• [COLLECTED MATERIAL]:
------------------------------------------------
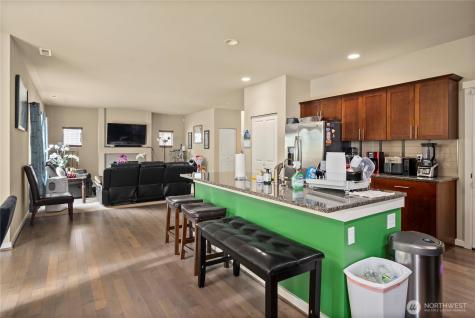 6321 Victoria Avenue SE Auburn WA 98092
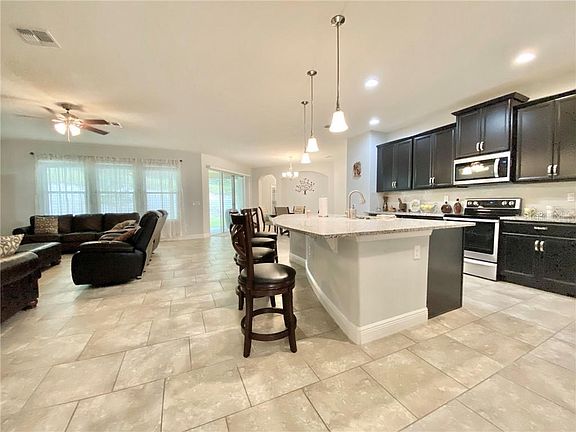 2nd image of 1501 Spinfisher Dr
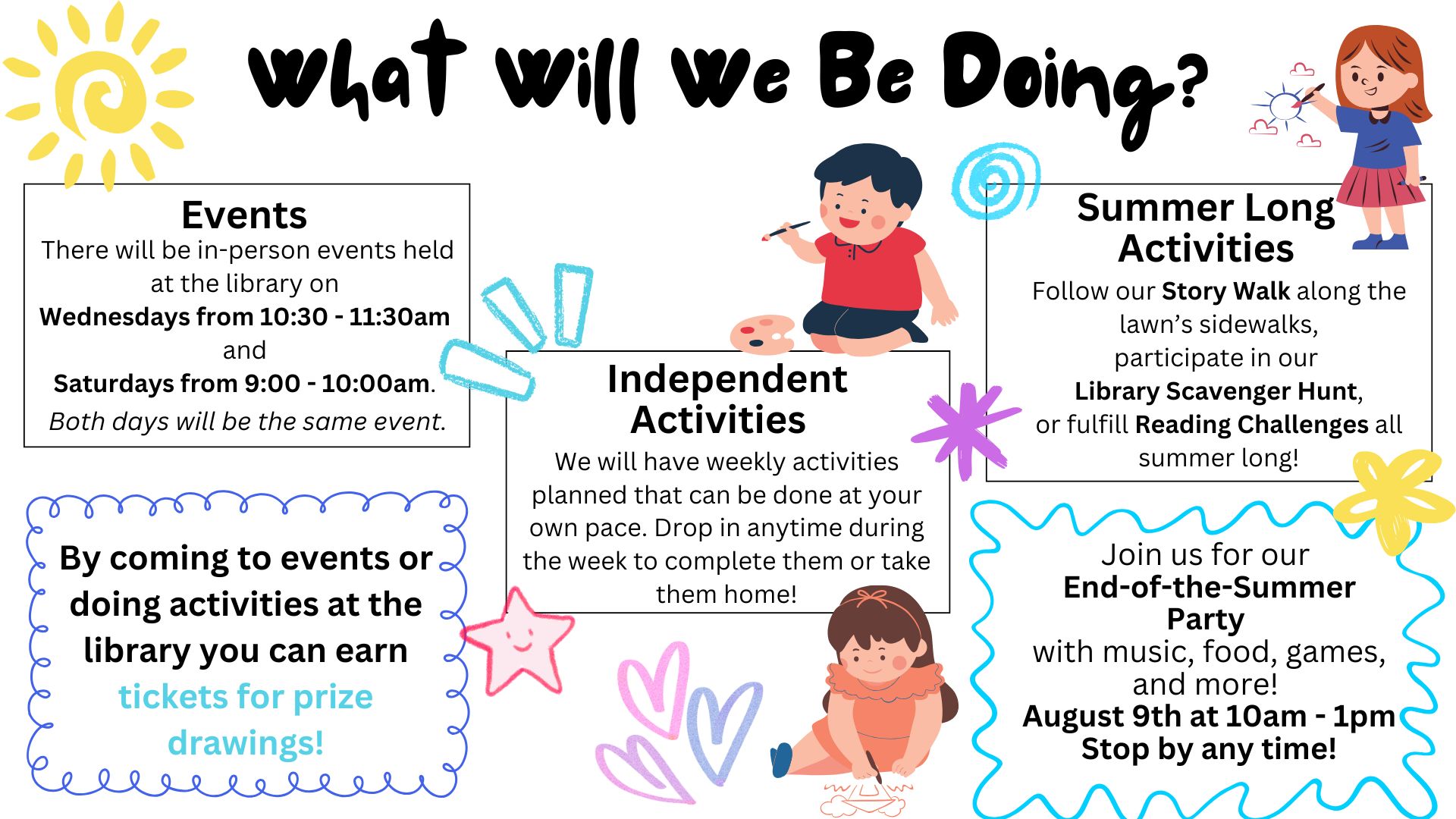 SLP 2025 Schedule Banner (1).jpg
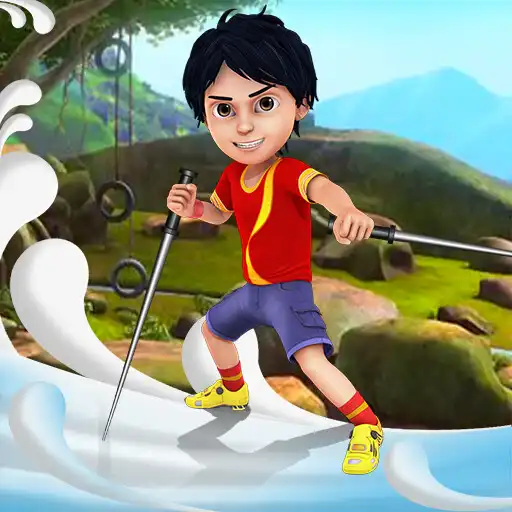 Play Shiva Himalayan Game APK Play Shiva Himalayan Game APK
------------------------------------------------
• [EXERCISE INSTRUCTIONS]:
The listing must be returned in full and exactly, apart from its pictures.

• [OUTPUT FOR THIS TASK]:
 6321 Victoria Avenue SE Auburn WA 98092
 2nd image of 1501 Spinfisher Dr
 SLP 2025 Schedule Banner (1).jpg
 Play Shiva Himalayan Game APK Play Shiva Himalayan Game APK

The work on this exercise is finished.